Working with gzipped data in S3


Recently I had to deal with a dataset of hundreds of .tar.gz files dumped in an IBM Cloud Object Storage (IBM CleverSafe) accessible via an S3 API. Since I had to process not all but just a subset of files contained in each archive, I wanted to avoid unpacking everything (and actually, I did not have enough storage capacity to do that anyway as the dataset was really massive).

I came up with a couple of handy Python functions, which allow me to inspect individual archives and do in-memory extracts of specific files, and I decided to share them in this post.

First and foremost, to access the S3 storage I use Boto – a Python interface to AWS.

Connecting to the S3 storage is fairly trivial:

import boto
import boto.s3.connection
access_key = "my_access_key"
secret_key = "my_secret_key"
bucket = "bucket_name"
host = "host_name"

conn = boto.connect_s3(
        aws_access_key_id = access_key,
        aws_secret_access_key = secret_key,
        host = host,
        calling_format = boto.s3.connection.OrdinaryCallingFormat(),
        )

# Set up the credentials and endpoint for the IBM Cloud Object Storage connector
hconf = sc._jsc.hadoopConfiguration()
hconf.set("fs.s3d.service.endpoint", "https://" + host)
hconf.set("fs.s3d.service.access.key", access_key)
hconf.set("fs.s3d.service.secret.key", secret_key)

b = conn.get_bucket(bucket)

Once we have the bucket, we can confirm that we can read files from it by printing the file names of say the first 10 files.

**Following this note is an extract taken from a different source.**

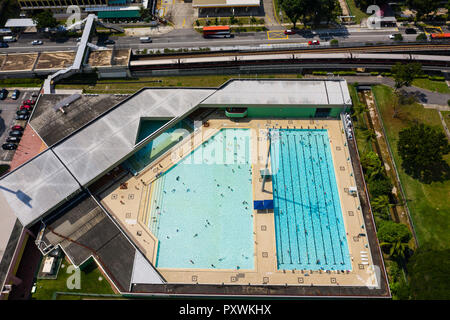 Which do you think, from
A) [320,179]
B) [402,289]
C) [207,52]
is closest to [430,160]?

for key in islice(b.list(), 10):
    print(key.name)
data/logdump_2017-05-01.tsv.gz
data/logdump_2017-05-02.tsv.gz
data/logdump_2017-05-03.tsv.gz
data/logdump_2017-05-04.tsv.gz
data/logdump_2017-05-05.tsv.gz
data/logdump_2017-05-06.tsv.gz
data/logdump_2017-05-07.tsv.gz
data/logdump_2017-05-08.tsv.gz
data/logdump_2017-05-09.tsv.gz
data/logdump_2017-05-10.tsv.gz
...

Now that we have access to the bucket, we can define a simple helper function that returns a BytesIO object for a file in the bucket. This allows us to manipulate the file in an in-memory buffer.

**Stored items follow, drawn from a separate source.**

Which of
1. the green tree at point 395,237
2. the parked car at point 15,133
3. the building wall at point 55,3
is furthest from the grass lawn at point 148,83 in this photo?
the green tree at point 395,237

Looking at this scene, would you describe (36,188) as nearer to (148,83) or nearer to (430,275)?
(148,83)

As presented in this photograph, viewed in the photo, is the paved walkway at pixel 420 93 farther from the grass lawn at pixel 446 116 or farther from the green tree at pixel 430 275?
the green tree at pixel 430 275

# Gets a file object from the S3 bucket
def get_file_object(bucket, file_name):
    # Get a file from the bucket
    # and return its contents as BytesIO object
    k = Key(bucket)
    k.key = file_name
    fileobj = BytesIO(k.get_contents_as_string())
    return fileobj

We can then use the BytesIO object to read the archive a show it contents without unpacking it. This will be done a second helper function:

# Lists all files stored in an archive
def list_files_in_archive(fileobj):
    # Open the archive
    tarf = tarfile.open(fileobj=fileobj)
    names = tarf.getnames()
    return names

Combing the two functions allows us to peek inside an archive and see the name of the files contained within.

fileobj = get_file_object(b, "data/logdump_2017-05-01.tsv.gz")
list_files_in_archive(fileobj)
['monitoring.tsv',
 'sources.tsv',
 'events.tsv',
 'messages.tsv',
 'aux_data.tsv',
 ...
 'applied_policies.tsv']

We can easily put together a third function that receives an archive file (as a BytesIO object) and a name of a file contained inside the archive. The function then loads the data from the file by doing all the extraction in memory.

# Reads a lookup file from an archive (fileobj)
def get_from_archive(fileobj, compressed_file):
    # Open the archive
    tarf = tarfile.open(fileobj=fileobj)
    
    # Get the file of interest
    compressed = tarf.extractfile(compressed_file)

    # Parse as TSV and return the results
    data = pd.read_csv(compressed,sep="\t")  
    return data

get_from_archive(fileobj, "events.tsv")

Using combinations of these three functions, we can easily loop over all of the .tar.gz files and load the data from the .tsv files of interest on the fly, without wasting any storage space.